The National Institutes of Health (NIH) granted $1.8 million to a research project at a Georgia Institute of Technology where Gabe Kwong has established a platform to discover complex disease and immune activity. The new funding from the NIH’s National Cancer Institute will be used to further Kwong’s research in evaluating immunotherapy progress. The platform works by using an intravenous injections of “activity sensors,” nanoparticles that detect enzyme activity of the immune cells attacking cancer. Once the sensor confirms the attack, there is a fluorescent signal in the urine.

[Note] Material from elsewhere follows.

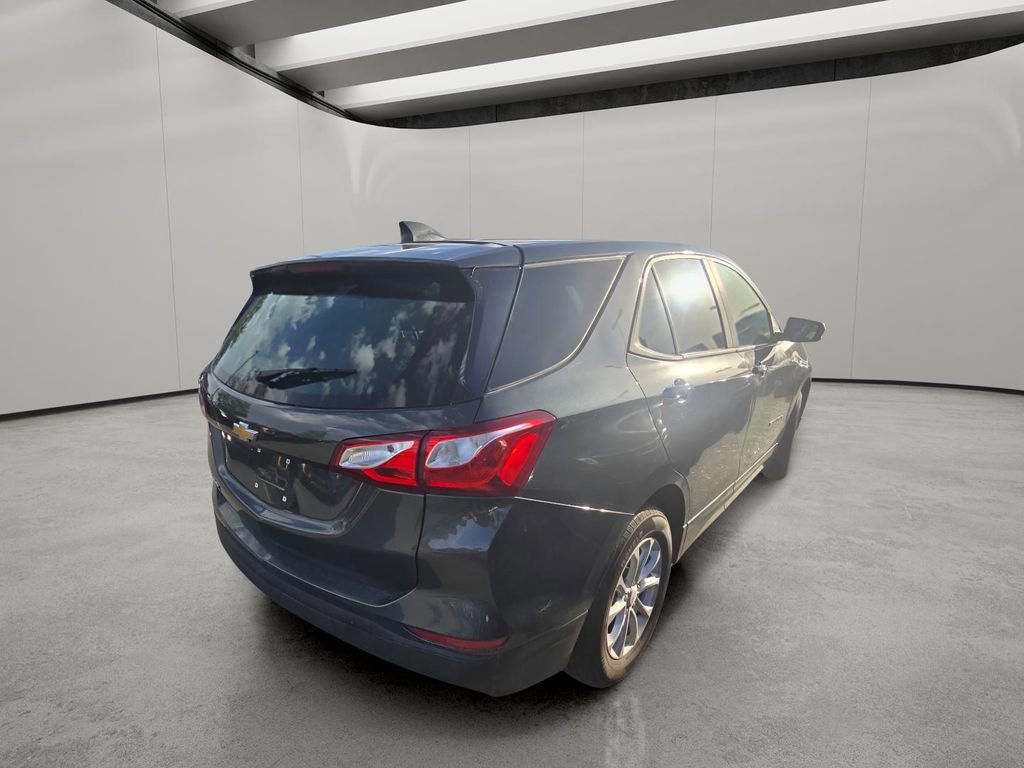 Used 2020 Chevrolet Equinox LS w/ LS Convenience Package FWD image 9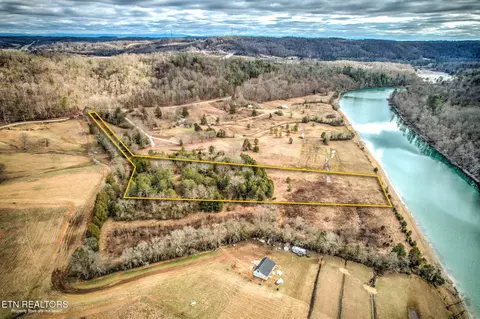 321 Blackburn Ln, Lenoir City, TN 37771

In the past, cancer has been known to thwart treatment by either evading it from the start or simply ceasing to respond to treatment that has previously worked in the patient. This means that progress must be continually monitored since early resistance to therapy looks very different from later resistance. The particle that Kwong’s lab has developed will monitor the process the entire way through.
“We need to be able to classify different forms of resistance, so we can combat them better,” said Kwong, who is an assistant professor in the Wallace H. Coulter Department of Biomedical Engineering at Georgia Tech and Emory University.
Kwong plans to use the sensing technology to profile the subtleties in the treatment resistance. The advantage of his test over other tests currently on the market is that it looks for signals that come earlier in the process rather than later. A later signal is something like dead cancer cells shedding their DNA into the bloodstream.
Kwong states, “These tests can be quite effective, but some issues limit them, particularly in early detection: You have five liters of blood. Whatever the cells shed gets diluted significantly in your bloodstream.” That makes these signals harder to detect in blood tests. “Our sensors’ signals get concentrated in the urine, so, not only are they not diluted in the blood, but we usually see a hundred-to thousandfold signal enrichment,” said Kwong.
The sensors, which are biocompatible nanoparticles, have already been developed, refined as a reliable platform, and engineered with variations that experimentally sense blood clots, liver fibrosis, organ transplant rejection, and cancer. Kwong stated that in the end, he hopes to “expand the platform to detect most all major complex diseases and progress in treating them.”
How exactly does the urine test work?
The sensors are nanoscale balls that have bristles made of short amino acid strands with fluorescent “reporter” molecules attached to their tips. The sensors will gather in the compromised tissue like cancer. Immunotherapy uses T cells that secrete an enzyme called granzyme, which severs target amino acid strands in the cancer cells, triggering their death. The bristles that are attached to the sensors mimic the granzymes and cut off the bristles at the same time. “That releases the reporter molecules, which are so small that they easily make it through the kidney’s filtration and go into the urine,” said Kwong. Once the urine leaves the body, the fluorescent color is analyzed to see how well immunotherapy attacked the cancer.
“Many patients, especially those with solid tumors, are not responding to this treatment,” Kwong said. “The non-responders need to be detected very quickly.” The experimental sensor is important because it can give a clearer picture of how effective a current treatment is rather than traditional methods that may be less accurate or misleading altogether. One example is the measurement of tumor shrinkage. In some cases, T cells can cram into a tumor making it swell. This will lead some doctors to abandon the treatment that may seem like it isn’t working, when in fact it is actually very effective. The importance of the urine test is that it does not measure size, it measures activity.